## Listed records:
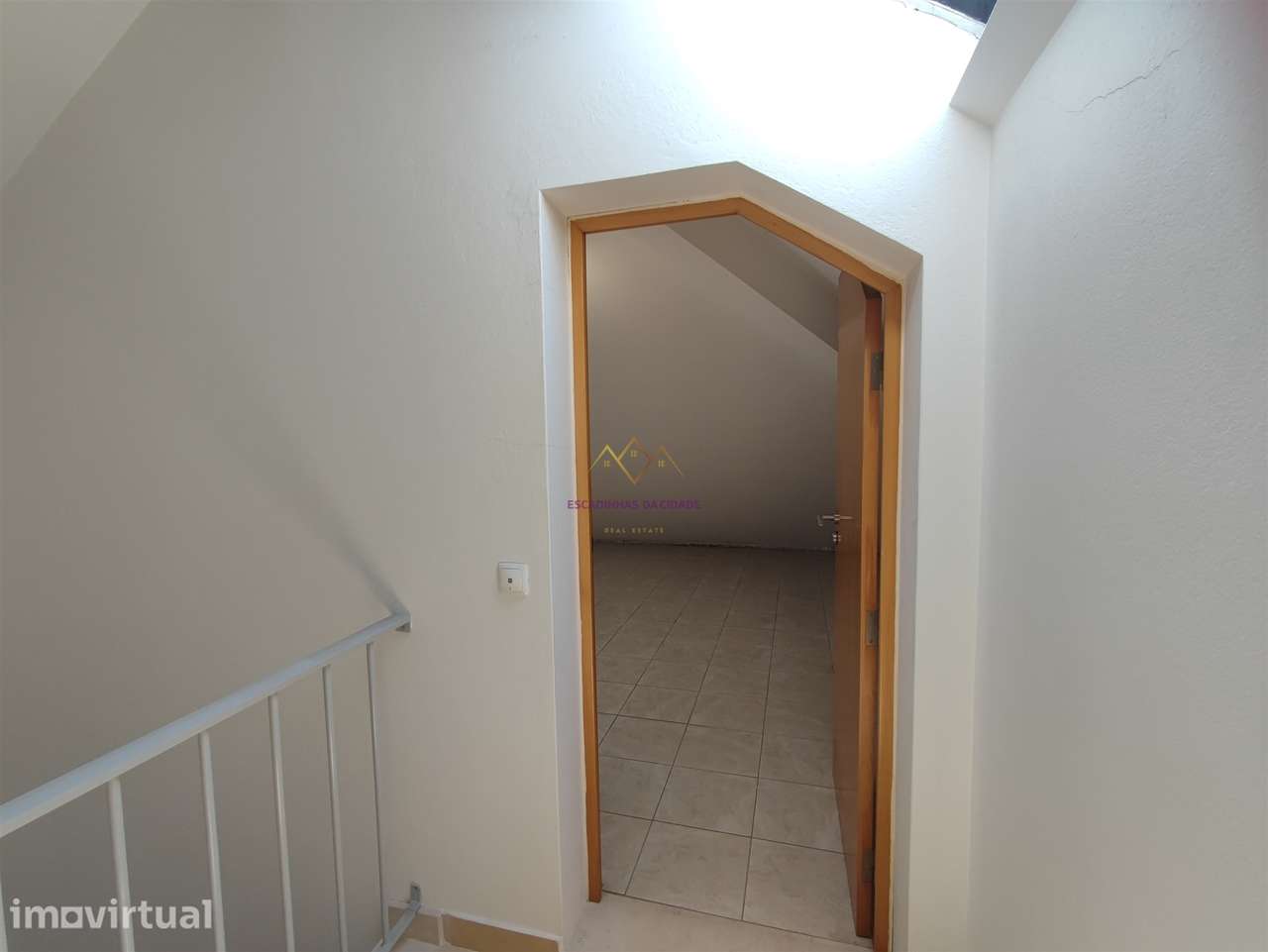 Apartamento T2 com sótão de 69 m² no centro de Marinhais – Excelente o - Grande imagem: 5/21
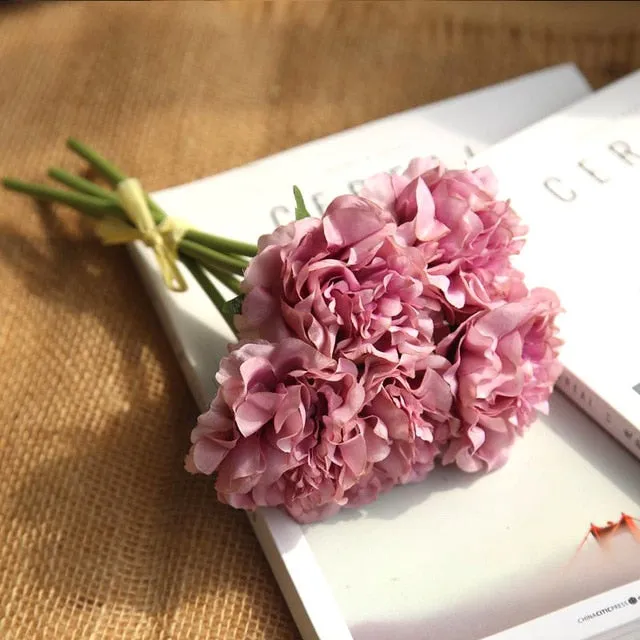 Artificial Wedding Flowers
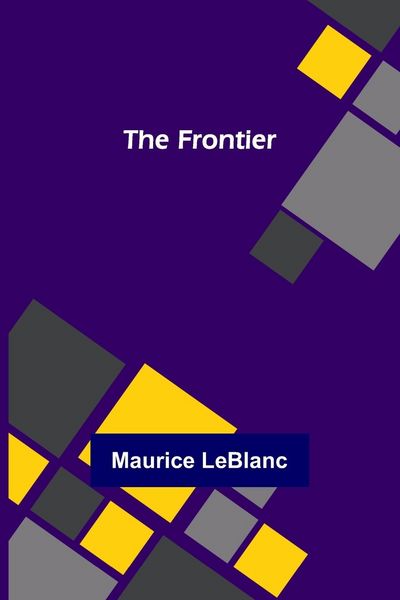 Produktbild: The Frontier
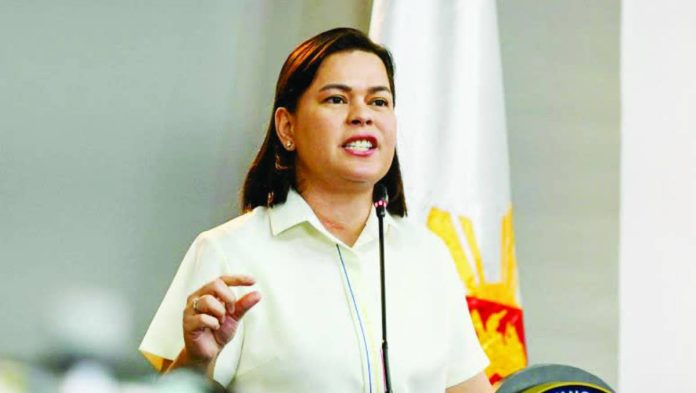 sara duterte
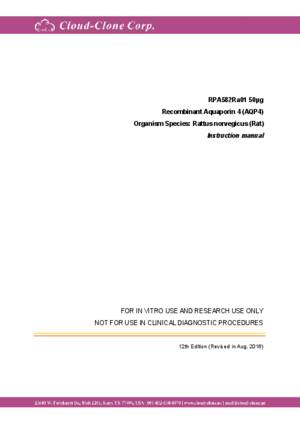 Recombinant-Aquaporin-4-(AQP4)-RPA582Ra01.pdf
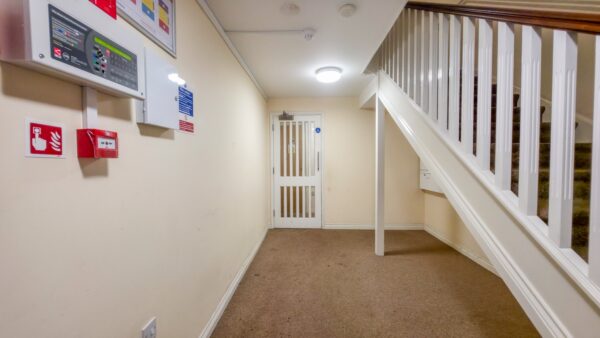 Waterside Close, Central Thamesmead, London, SE28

## Problem details:
Leave out all pictures and extract exactly the lines from the line with "Produktbild: The Frontier" through the end of the material.

## Response for this exercise:
 Produktbild: The Frontier
 sara duterte
 Recombinant-Aquaporin-4-(AQP4)-RPA582Ra01.pdf
 Waterside Close, Central Thamesmead, London, SE28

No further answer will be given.